The 2011 fight over defunding Planned Parenthood may be informing the views of these congressional veterans. That fight, which was spurred by videos of clinic workers discussing care for under-age prostitutes and other sensitive topics, dragged on for months. In the end, Republicans who supported the defunding effort conceded that they didn’t have the leverage to pass it and allowed a government spending bill to go through without the added language.

The funding chiefs of Capitol Hill say appropriations is a bad place for the debate anyhow. Most of Planned Parenthood’s government funding—about $500 to $600 million a year—comes to the clinics as Medicaid reimbursements for covered care for poor women, such as birth control and annual checkups.

But the Medicaid language is pretty clear that people can get their care anywhere. A lengthy series of court battles and tough legislative language has left the opponents of Planned Parenthood with few options to remove that money except rewriting the Medicaid law. Current law says states that deny Planned Parenthood clinics Medicaid reimbursements for covered care are discriminating under Medicaid.
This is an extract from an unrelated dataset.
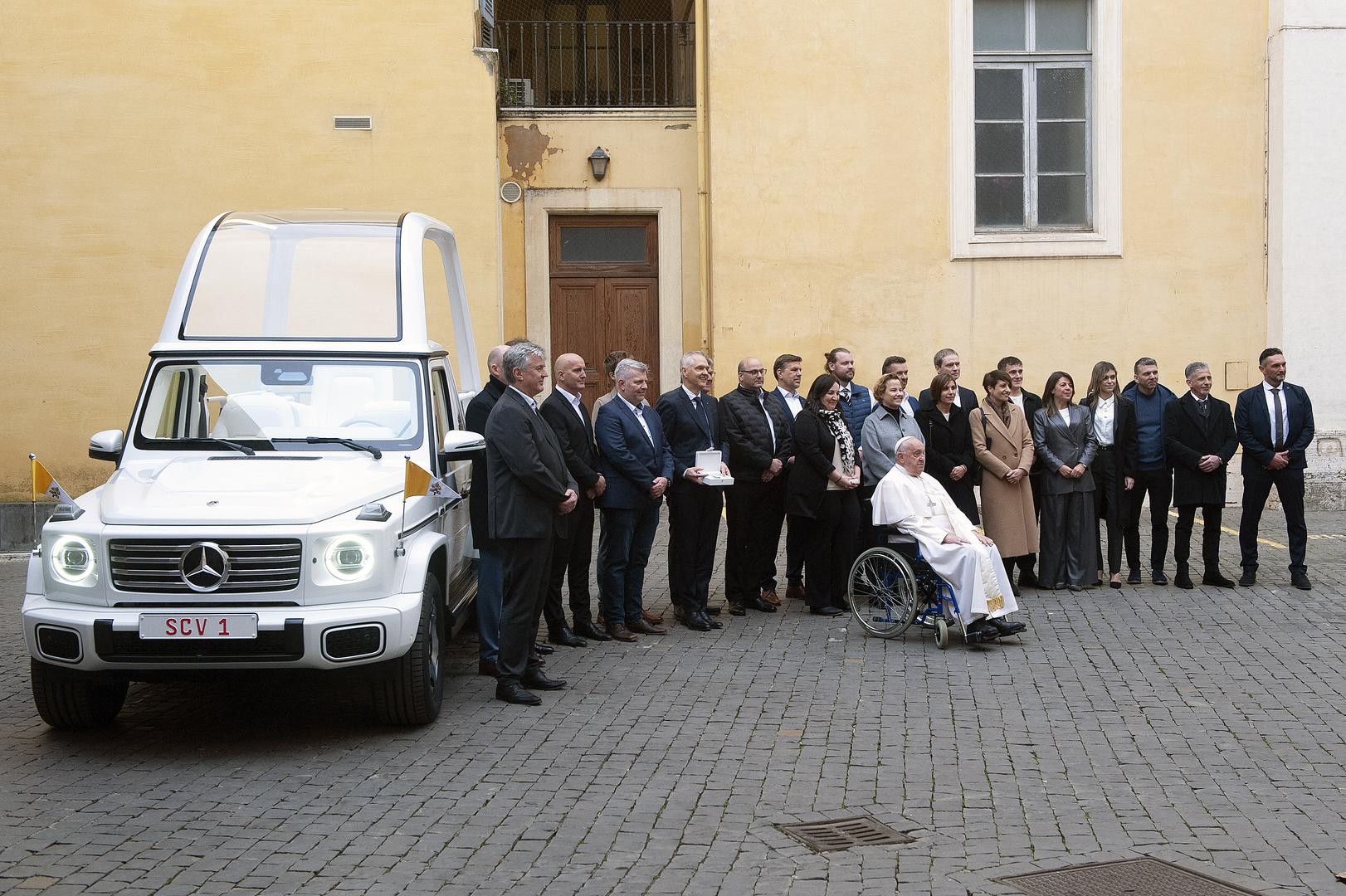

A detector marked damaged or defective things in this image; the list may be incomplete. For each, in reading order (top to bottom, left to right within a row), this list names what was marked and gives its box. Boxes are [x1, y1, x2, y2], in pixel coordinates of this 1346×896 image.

peeling plaster patch [505, 123, 565, 183]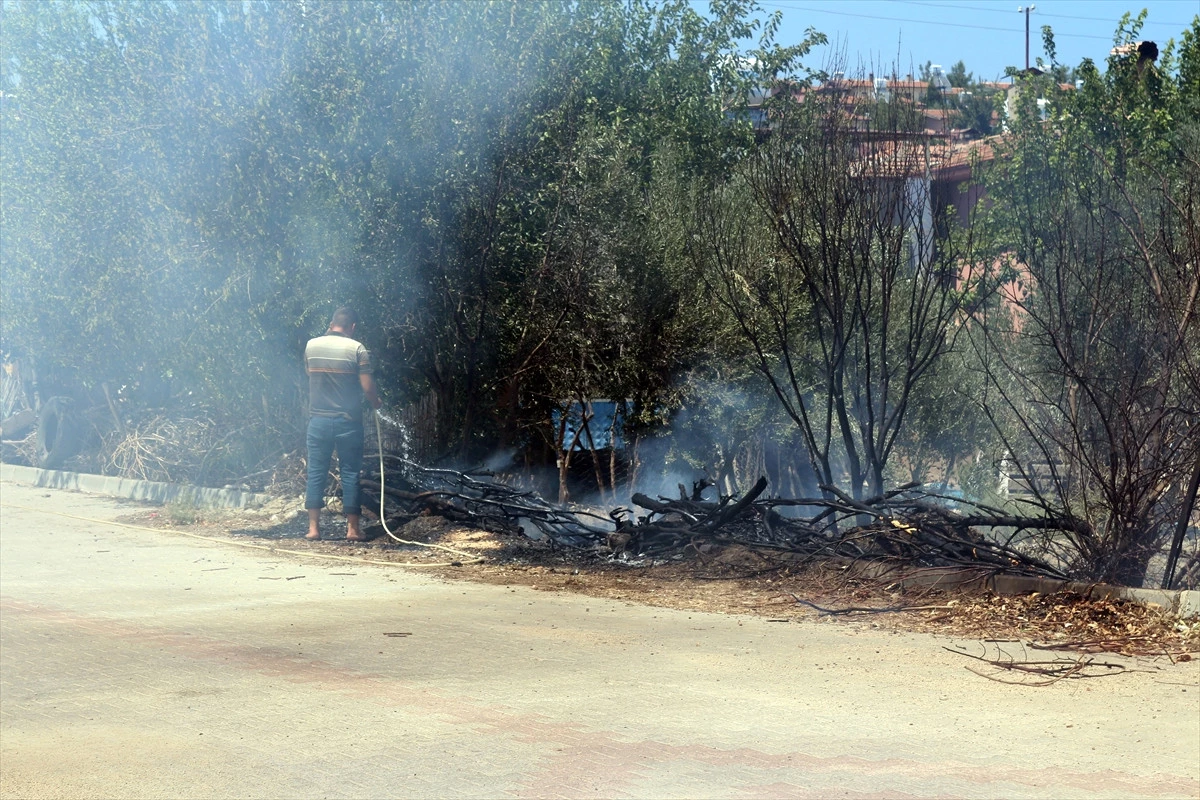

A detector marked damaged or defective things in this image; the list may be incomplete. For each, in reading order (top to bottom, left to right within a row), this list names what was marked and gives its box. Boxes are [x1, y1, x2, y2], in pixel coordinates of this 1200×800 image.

And the consequences of going ahead anyway, as Texas found out, can be steep.

Rewriting the Medicaid laws to ensure the Planned Parenthood receives no funding is certainly possible, but it takes time and energy away from the congressional committees that already have a full plate. Thus far, leaders on both committees have not stated that defunding Planned Parenthood will be on their fall agendas. They probably won’t. And even if they did, they would be heading straight toward a veto.